Les quatre vérités de Jean-Marc Vaudiau
Des chiffres ou des lettres
Les maths sont essentielles à la formation de l’esprit. On a grand tort de penser qu’on peut sacrifier sans dommage un pan du savoir aussi formateur.
Les maths sont souvent source d’angoisse et de mauvais souvenirs d’école. «Moi, je n’aime pas les mathématiques, car elles sont rébarbatives», «je suis nul en maths», voilà ce qu’on entend souvent, car elles sont associées à l’échec. Curieusement d’ailleurs, certains revendiquent cette nullité comme un trophée qui suscite la complicité entre ceux qui détestent les maths. Une communauté «phobe» se crée. C’est plutôt sot, car cela ruine l’image des sciences exactes, ainsi que leur importance.

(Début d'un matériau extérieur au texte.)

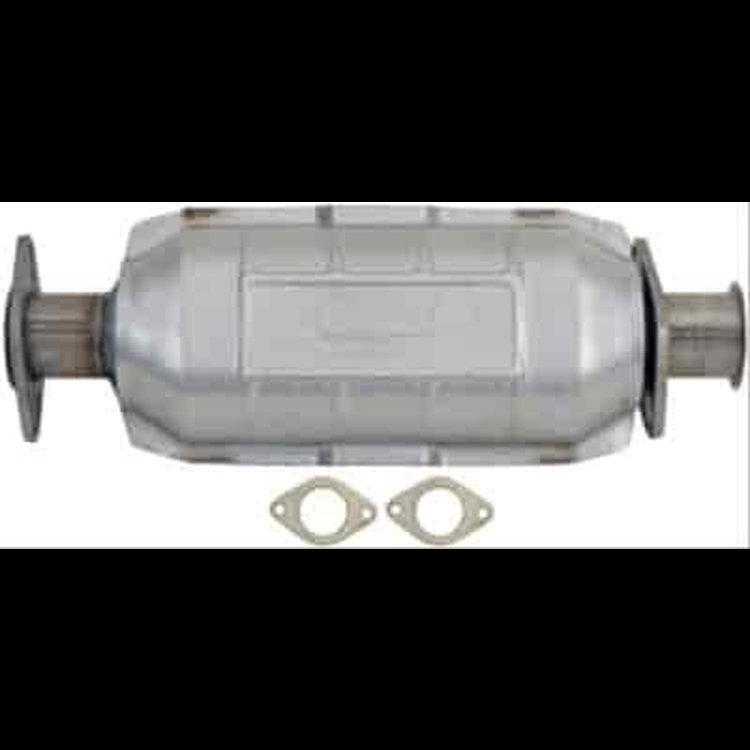 XL DIRECT FIT CONVERTER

Les maths sont essentielles à la formation de l’esprit et je ne crois pas une seconde qu’il y ait deux sortes de proéminences: la bosse des maths et la bosse des lettres. Je crois plutôt qu’on n’a pas fourni à tous les élèves le manuel nécessaire. En effet, pour accéder au monde scolaire des mathématiques, il faut faire des gestes mentaux invisibles. Personne ne le dit, personne n’en parle, mais il existe pourtant un mode d’emploi psychologique à l’utilisation de cette discipline, bien connu de ceux qui l’aiment parce qu’ils la comprennent. Faire des maths, c’est faire jouer dans notre esprit des schémas intérieurs qui organisent les relations entre les éléments formels, c’est articuler des images mentales selon des règles.
Il est vrai que pour ce qui est des lettres, ces images mentales sont différentes, mais si elles semblent plus affectives, elles ne sont pas d’une autre nature, car pour comprendre le monde ou pour saisir une langue, nous devons prendre appui sur un modèle intérieur. Ce modèle est en mouvement, il se transforme à mesure que nous lui ajoutons des éléments; ces matières constituent ce qu’on appelle la culture. Bien des romanciers ou des artistes ont suivi des études de mathématiques, qui les ont servis comme une base arrière organisationnelle.
Aujourd’hui l’enseignement des mathématiques décline, sous l’œil indifférent des responsables politiques de l’instruction publique qui sont, le plus souvent, des littéraires. On a grand tort de penser qu’on peut sacrifier sans dommage un pan du savoir aussi formateur que celui-là.